BRIEF :: How many lines of the entries below include the word "Wohnung"? Answer with the number alone.

MATERIAL SUPPLIED START

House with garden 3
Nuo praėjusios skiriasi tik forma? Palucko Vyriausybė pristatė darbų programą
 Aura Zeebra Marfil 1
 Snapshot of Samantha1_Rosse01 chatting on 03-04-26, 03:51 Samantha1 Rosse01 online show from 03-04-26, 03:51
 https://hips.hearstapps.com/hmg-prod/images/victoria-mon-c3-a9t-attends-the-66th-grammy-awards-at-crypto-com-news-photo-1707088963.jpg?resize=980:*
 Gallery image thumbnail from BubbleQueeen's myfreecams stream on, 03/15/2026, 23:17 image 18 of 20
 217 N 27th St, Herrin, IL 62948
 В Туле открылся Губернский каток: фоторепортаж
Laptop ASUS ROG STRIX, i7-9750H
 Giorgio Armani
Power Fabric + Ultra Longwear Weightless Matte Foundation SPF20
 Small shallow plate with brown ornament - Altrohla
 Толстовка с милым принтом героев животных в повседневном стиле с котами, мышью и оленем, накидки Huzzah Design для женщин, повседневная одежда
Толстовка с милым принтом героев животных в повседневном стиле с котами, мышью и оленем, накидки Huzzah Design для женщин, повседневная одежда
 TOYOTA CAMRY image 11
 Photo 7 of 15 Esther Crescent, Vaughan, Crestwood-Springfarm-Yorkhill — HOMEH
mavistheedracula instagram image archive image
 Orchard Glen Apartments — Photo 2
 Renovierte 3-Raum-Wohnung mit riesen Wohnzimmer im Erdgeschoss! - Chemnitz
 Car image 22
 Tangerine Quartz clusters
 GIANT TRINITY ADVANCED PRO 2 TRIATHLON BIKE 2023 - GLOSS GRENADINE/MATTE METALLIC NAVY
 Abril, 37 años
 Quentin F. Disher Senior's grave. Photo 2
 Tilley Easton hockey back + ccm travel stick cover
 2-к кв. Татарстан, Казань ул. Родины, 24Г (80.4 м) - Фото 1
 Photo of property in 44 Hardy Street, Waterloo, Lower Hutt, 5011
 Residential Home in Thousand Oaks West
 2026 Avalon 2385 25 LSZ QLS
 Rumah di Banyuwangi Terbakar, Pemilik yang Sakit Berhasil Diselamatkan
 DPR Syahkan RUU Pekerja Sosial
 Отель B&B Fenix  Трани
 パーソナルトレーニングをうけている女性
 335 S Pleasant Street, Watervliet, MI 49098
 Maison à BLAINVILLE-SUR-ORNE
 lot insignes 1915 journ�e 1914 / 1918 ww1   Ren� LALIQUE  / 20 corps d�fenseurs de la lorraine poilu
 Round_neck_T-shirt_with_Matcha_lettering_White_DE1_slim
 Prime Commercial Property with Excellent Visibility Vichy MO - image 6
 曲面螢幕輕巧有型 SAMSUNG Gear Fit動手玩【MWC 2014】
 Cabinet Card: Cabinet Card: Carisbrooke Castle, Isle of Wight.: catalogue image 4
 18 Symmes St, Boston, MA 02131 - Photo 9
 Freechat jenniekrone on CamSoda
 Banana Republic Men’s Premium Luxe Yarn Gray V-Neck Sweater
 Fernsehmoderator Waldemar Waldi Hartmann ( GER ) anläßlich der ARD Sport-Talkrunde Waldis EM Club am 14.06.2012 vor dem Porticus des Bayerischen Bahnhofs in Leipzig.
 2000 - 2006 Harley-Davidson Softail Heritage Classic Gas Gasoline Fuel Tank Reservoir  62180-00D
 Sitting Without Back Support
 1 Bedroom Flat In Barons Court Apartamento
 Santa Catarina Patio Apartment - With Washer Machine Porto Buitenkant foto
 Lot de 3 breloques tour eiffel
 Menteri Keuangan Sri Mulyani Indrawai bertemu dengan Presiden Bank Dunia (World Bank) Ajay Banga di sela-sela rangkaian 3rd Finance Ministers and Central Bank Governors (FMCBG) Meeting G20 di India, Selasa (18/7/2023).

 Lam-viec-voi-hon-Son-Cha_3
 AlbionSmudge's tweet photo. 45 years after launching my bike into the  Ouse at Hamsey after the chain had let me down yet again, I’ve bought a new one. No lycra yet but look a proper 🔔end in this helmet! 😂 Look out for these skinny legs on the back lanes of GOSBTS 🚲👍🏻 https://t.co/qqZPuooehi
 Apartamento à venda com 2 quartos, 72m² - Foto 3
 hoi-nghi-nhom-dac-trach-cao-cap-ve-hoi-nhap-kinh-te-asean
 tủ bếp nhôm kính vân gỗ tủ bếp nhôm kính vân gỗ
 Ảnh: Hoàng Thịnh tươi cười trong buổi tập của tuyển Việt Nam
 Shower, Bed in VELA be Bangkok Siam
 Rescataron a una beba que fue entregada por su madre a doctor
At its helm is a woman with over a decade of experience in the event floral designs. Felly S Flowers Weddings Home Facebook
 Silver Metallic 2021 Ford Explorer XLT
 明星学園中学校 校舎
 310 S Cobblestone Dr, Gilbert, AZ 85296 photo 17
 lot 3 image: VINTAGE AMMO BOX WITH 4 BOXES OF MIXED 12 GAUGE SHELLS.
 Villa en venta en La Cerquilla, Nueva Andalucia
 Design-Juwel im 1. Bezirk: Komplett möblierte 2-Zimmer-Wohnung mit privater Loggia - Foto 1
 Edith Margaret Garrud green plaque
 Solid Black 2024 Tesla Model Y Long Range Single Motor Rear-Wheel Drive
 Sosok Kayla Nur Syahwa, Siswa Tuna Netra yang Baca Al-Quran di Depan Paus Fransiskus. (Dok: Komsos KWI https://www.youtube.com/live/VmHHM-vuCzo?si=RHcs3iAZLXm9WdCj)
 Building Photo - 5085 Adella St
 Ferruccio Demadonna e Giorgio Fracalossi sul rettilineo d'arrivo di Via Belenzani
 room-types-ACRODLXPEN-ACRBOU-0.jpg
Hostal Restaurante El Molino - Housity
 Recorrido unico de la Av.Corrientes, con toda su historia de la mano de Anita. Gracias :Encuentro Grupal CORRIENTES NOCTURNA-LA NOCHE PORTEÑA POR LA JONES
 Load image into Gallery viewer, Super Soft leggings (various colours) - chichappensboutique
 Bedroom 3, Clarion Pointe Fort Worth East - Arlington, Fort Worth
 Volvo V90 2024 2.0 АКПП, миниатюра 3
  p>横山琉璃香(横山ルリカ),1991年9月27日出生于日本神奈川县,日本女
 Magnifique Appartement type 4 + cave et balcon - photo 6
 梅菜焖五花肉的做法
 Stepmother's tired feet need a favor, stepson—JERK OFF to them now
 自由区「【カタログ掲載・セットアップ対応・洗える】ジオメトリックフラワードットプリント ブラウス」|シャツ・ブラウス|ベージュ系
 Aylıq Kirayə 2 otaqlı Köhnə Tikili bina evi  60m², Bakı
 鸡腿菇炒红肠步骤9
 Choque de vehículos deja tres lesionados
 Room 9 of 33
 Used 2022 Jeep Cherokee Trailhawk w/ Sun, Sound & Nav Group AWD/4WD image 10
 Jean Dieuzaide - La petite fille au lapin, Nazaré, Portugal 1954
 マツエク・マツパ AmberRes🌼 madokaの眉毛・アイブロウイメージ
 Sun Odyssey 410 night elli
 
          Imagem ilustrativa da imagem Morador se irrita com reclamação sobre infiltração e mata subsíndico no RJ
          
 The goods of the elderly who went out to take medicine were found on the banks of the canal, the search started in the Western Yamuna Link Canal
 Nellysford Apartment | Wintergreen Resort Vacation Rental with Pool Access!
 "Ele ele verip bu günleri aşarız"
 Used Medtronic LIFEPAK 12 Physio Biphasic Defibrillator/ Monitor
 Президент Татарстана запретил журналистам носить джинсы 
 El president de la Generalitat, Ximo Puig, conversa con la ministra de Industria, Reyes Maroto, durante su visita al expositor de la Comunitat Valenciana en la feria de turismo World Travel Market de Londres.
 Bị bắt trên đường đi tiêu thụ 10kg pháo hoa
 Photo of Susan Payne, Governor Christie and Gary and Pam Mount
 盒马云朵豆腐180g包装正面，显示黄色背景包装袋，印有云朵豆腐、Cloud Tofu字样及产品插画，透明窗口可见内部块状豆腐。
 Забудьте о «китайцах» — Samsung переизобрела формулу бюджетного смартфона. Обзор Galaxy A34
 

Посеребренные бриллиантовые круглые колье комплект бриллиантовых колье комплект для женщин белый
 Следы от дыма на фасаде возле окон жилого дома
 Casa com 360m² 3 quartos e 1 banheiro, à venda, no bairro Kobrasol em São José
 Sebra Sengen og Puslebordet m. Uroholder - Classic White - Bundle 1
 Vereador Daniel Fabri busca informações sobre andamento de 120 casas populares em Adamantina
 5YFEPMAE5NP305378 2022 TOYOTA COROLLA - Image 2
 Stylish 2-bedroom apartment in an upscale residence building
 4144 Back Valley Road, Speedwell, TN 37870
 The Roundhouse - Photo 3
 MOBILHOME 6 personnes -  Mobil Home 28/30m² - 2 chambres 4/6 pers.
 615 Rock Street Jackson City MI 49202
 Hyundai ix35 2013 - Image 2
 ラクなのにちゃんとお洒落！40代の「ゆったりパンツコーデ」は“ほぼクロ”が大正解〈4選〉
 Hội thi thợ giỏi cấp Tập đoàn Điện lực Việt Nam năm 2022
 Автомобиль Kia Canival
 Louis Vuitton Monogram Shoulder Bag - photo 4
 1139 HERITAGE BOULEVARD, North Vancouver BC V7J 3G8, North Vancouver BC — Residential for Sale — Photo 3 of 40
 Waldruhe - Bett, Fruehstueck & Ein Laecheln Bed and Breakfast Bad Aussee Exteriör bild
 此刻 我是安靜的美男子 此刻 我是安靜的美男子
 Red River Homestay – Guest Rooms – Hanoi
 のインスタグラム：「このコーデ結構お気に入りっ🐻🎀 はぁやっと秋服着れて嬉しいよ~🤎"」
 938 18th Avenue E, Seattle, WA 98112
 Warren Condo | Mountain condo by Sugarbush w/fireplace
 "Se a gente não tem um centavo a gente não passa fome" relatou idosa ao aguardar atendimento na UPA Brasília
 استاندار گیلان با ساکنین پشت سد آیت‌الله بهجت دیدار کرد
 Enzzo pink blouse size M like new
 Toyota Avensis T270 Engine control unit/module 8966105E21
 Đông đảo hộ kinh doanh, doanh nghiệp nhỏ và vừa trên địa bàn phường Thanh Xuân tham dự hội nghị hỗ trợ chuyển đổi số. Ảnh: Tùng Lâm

MATERIAL SUPPLIED END

THE COMPLETED TASK :: 2